I would agree that a bare substrate would benefit from backrolling. But a previously painted surface doesn't require it, in my opinion. And the fact that an undisturbed sprayed surface will provide the recommended mil build up of a paint film better than a rolled surface, can not be disputed.


----------



## Phinnster (Feb 20, 2013)

Again 
We don't see a lot of stucco in north east 
Wood claps and shingles yes


----------



## lilpaintchic (Jul 9, 2014)

515 all day long. Backroll/brush as needed. Not everything needs it. Smaller areas, maybe a 413-415....


----------



## kmp (Jan 30, 2011)

I use a tip just big enough to cover the width of a single piece of siding and don't do more than three or four pieces at a time. I never stop in the middle or work my way down the ladder, always across from side to side. Hard board will get backrolled if it has started to delaminate but if it is cement board I don't.


----------



## lilpaintchic (Jul 9, 2014)

goga said:


> Doubling that. "Filling" the voids has to be done before any final paint goes onto the surface.

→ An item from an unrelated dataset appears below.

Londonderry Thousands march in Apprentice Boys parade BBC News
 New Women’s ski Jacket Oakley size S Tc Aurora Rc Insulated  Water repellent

What?no liquid caulk in the gaps or flooding the potholes? jk


----------



## journeymanPainter (Feb 26, 2014)

Phinnster said:


> Jake you don't like spraying because of fear of flashing ?
> You seem to know what your doing and I am shocked by this comment.
> 
> Also ca painter your are scaring me as well
> ...


Not to poo poo your comment but do you prime previously painted walls? Probably not, so why would you backroll/brush a previously sound substrate. I agree new shake, bare areas, etc should all be backrolled.


----------



## JakeTheAnchor (Feb 23, 2016)

Phinnster said:


> Jake you don't like spraying because of fear of flashing ?
> You seem to know what your doing and I am shocked by this comment.
> 
> Also ca painter your are scaring me as well
> ...



Maybe it's just me..but that came off kind of rude. 
I'm talking specifically about siding. Not stucco..not doors..not trim...not gutters...just siding. I'm here asking advice. It's actually been about a year and a half since I've had to spray siding myself. Most of our work is stucco. If i took your introduction the wrong way..let me know..not trying to be a jerk. 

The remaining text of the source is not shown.